The line with "Дрон россиян попал" starts the range, and the last line of the listing ends it. Retype that range exactly, without pictures.

___ Dataset content

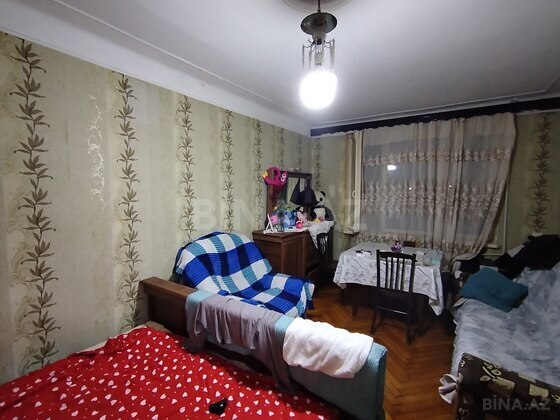 1 otaqlı Köhnə tikili, Neftçilər m., Bakı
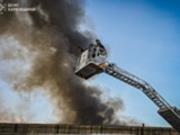 Дрон россиян попал рядом с рестораном в Харькове: есть пострадавший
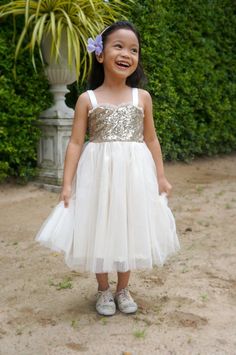 Flower girl dress rose gold and blush tulle dress. Blush Tulle Dress, Blush Bridesmaid Dresses, Blush Flowers, Soft Tulle, Ivory Dresses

______

#### [Reply to the task]
 Дрон россиян попал рядом с рестораном в Харькове: есть пострадавший
 Flower girl dress rose gold and blush tulle dress. Blush Tulle Dress, Blush Bridesmaid Dresses, Blush Flowers, Soft Tulle, Ivory Dresses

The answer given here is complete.